Gefällt mir. Gefällt mir.
Gefällt mir. Klick'n ma's an!
Making sense of history?
Nichts weniger hatte der g'schätzte Autor, so erhoffte ich es mir, im Sinn.
Und ich erhoffte mir eben nun auch, in diesen Seiten über eine zerbrechende
Zeit ein leidlich durchdachtes Werk vorzufinden. Dass hier die Sätze sitzen,
ja dass sie wo hinführen und dem lieben Leser einen möglichst erbaulichen
Sinn erschließen, hatte ich mir dabei, doch dies bleibt unser kleines
Geheimnis, ebenfalls erhofft.
Es ist dem nicht so.
Wurde
das Buch dann wenigstens halbwegs angemessen, kohärent und folgerichtig
geschrieben bzw. gescheit aus vorliegendem Material zusammengereimt? Auch
nicht. Diese im akademischen Gewand zum Besten gegebene
Hokuspokus-Philosophen-Blase legt keinen Sinn und keine Weisheit, keinen Weg
Richtung Räson bzw. Diskurs frei, sondern bloß ödes akademisches
Imponiergehabe. Die armen Studenten und die armen Studententinnen, denen das
Zeug als Höchstes der Gefühle aufgezwungen wird, können einem nur leid tun.
"Bitte schön! Swallow it
all. No returns."
Außerdem entbehrt der Band
einer begrifflich soliden Grundlage. Und dies macht seine gravierendste
Schwäche aus. Denn schließlich werden hier ja beträchtliche Ansprüche auf
Wissenschaftlichkeit erhoben. Nach dem Motto: "Platz da! Beugt euch vor dem
Geschnörkel, das wir Kulturwissenschaft nennen! Guat san ma net. Do gehn
woin ma a net."
A twisted Brecht.
Doch
lassen wir den Verfasser höchstpersönlich zu Wort kommen: "Es bedarf also
einer Rückbesinnung darauf, was Sinnbildung über historische Erfahrung ist."
"Sinnbildung über (…)?"
Really?
(Gutes Deutsch, wo bist
du?)
Und dergleichen mehr.
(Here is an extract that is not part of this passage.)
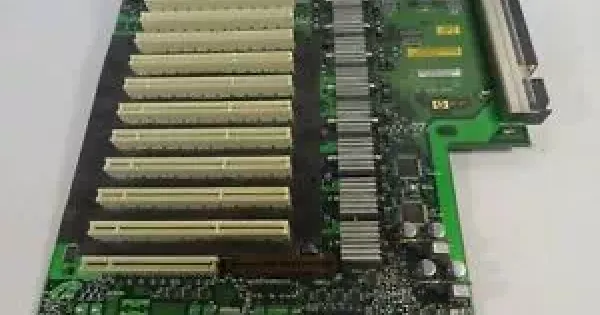 Hp Rx6000 Rear HP PCI-X 2.0 Backplane 10-Slots for rx3600 rx6600 AB463-60001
So
beginnt etwa das erste Kapitel mit der gewiss als imposante Aporie
gemeinten, doch ehrlich gesagt ausgesprochen unglücklichen Überschrift
"Sinnloser Sinn der Geschichte". Doesn’t make any sense. Das ergibt keinen
Sinn.
Dass Rüsen ja u. a. mit
dem auch andernorts oft genug im Kontext unstimmigen, irreführenden und
pauschal unreflektiert hingeschmissenen Begriff "Meistererzählung"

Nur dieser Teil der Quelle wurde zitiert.